Utopia é tornar-se um completo desconhecido. Acordar numa metrópole e sair à rua sem que um bom-dia interrompa o fluxo matinal do pensamento. Pela tarde, a liberdade para que a mente continue o seu próprio caminho em silêncio e, pela noite, a paz para pensar. Nenhuma ligação, nenhuma troca de palavras, nada. Impossível, é claro. Do contrário, não haveria de idealizar paraíso nenhum.
A vaidade conduz à hipocrisia
Parece-me a vaidade real — a profunda e inconfundível — conduzir à insinceridade e à hipocrisia, traços que se me afiguram como insuportáveis, quer na vida, quer na arte. Já notaram a face inocente de vários entre os maiores artistas de todos os tempos, como Tolstói, Dostoiévski e Shakespeare. E a inocência, caso dê as caras, não o faz senão pela sinceridade, que lhe é companheira obrigatória. É o que vemos, por exemplo, em Nietzsche, quando diz de Zaratustra a maior obra já concebida, ou quando se julga o maior entre todos os filósofos. Distorcido por línguas infames, passou por presunçoso, quando limitou-se a ser transparente como sempre foi. A vaidade manifesta-se na hipocrisia. Nietzsche viveu-lhe a obra, Dostoiévski creu com todo o espírito nas soluções que propôs. Ambos submeteram-se ao ridículo, expuseram-se. E não se humilharam, como fazem aqueles sedentos do reconhecimento, lançando mão da dissimulação.
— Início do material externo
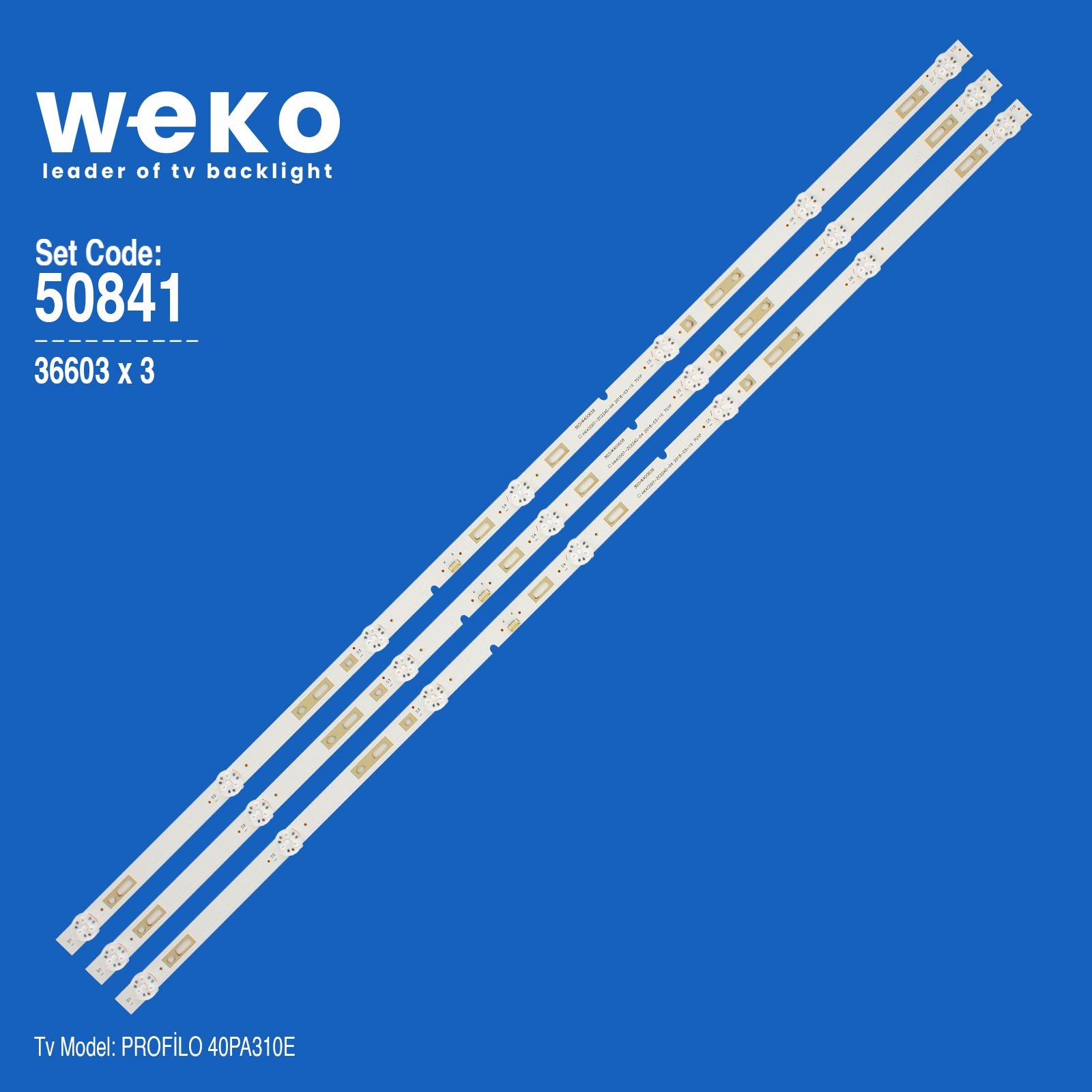 WKSET-5841 36603X3 HK40D07-ZC22AG-04 7S1P 303HK400038 3 ADET LED BAR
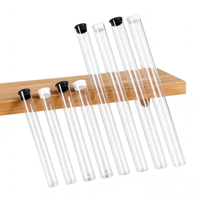 Capuchon à clapet sérigraphié transparent/coloré, résistant, personnalisable, toutes tailles, pour mascara et articles en plastique, vente en gros usine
O cemitério das grandes obras
Fico aqui, pensando, na dimensão do cemitério das grandes obras. Por uma tendência natural, são os maiores artistas atraídos ao isolamento e, por uma consequência também natural, permanecem em maior parte no anonimato. Alguns — seriam muitos? — acabam recompensados pela história. Mas que dizer dos outros? quantos seriam? Nunca tive a oportunidade de entrar numa biblioteca antiga; tivesse-a, ser-me-ia obrigatório estimar a proporção de anônimos nas prateleiras literárias. Não que haja justiça neste mundo, nem que se deva escrever almejando qualquer prêmio, mas uma breve reflexão no referido cemitério faz-me a mente negrejar por completo. Pensar no esforço de uma vida, na postura corajosa e na resistência, a duras penas, desperdiçada… inútil como todo o resto… Penso nisso e maldizer o mundo parece-me uma obrigação.
Deveres do artista
Outra de Pessoa:
A indiferença para com a Pátria, para com a Religião, para com as chamadas virtudes cívicas e os apetrechos mentais do instinto gregário são não úteis, mas absolutamente deveres do Artista. Se isto é amoral, a culpa é da Natureza que o mandou criar beleza e não pregar a alguém.